At intervals other bombs fell, but no more near us; sometimes several dropped flares made the sky half like daylight. Then I came home, washed, put antiseptic on my scratches, and here I am writing this, down in the basement at home, with intermittent bomber noise and barrage.

I forgot to say that when the mother who had been screaming was got out her first words were to thank us all very nicely, in the same tone as if we had given her a very good Xmas present, and her second to make sure her daughter and husband were out. They talked to one another quite calmly on their stretchers before being taken away.

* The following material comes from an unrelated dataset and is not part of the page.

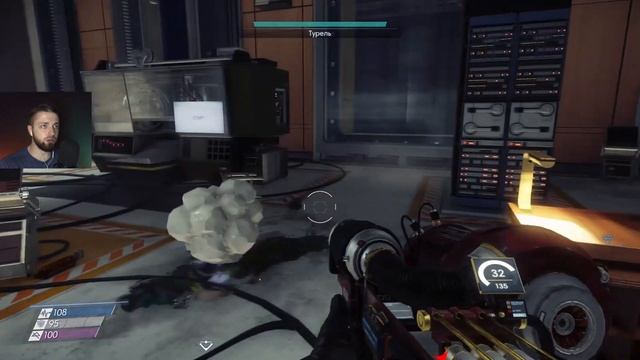 #12 ТКАЧ против гаечного ключа - Prey ( прохождение ) смотреть онлайн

Now these are experiences which have come to several thousand Londoners since you went over, and yet the attitude to them is getting steadily more balanced and confident, partly I think because of recognition of the limits of the destruction and the chances of escape, partly through fatalism, partly because so many of those who could not take it are now evacuated, and partly because of the relative efficiency and high morale of the ARP services, and above all pride in the RAF and confidence that they will win.

The particular street where this happened ** has already had several bad bomb hits, but the road has been mended, services are functioning again and people carry on - the wardens' Post-cum-Shelter had an atmosphere remarkably like a village hall the day before the local beanfeast, with a lot of plump, managing, bright, middle-aged ladies and men making themselves useful, and plenty of hangers-on.

The curious thing is the way it is all given a status of normality, not by some sort of neurotic adaptation, but by embracing it into the English social pattern, just as if the Bishop's wife had to have Gandhi and Harry Pollitt and the local pawnbroker to tea and treated it as the most natural thing in the world. The idea that bombs are terrifying and intolerable is therefore submerged in the very strong insistence on treating them as a rather special but quite normal and accepted institution, of a sort no one expects to enjoy much like a flower show where it always rains and everyone knows it always will. So instead of the bomb destroying the civilisation the civilisation practically destroys the bomb - well, all but!

Well I have written too much and you will never be able to read it, but at any rate it has been interesting to put it down like this while it is fresh, and if it helps to convey a bit of background so much the better.

God bless you Leonard and goodnight. Max.

** NOTE IN EXPLANATION (1985) The bomb was in Shawfield Street, near the Memorial Hall, SW3. ARP = Air Raid Precautions services. Harry Pollitt was the then leader of the British Communist Party.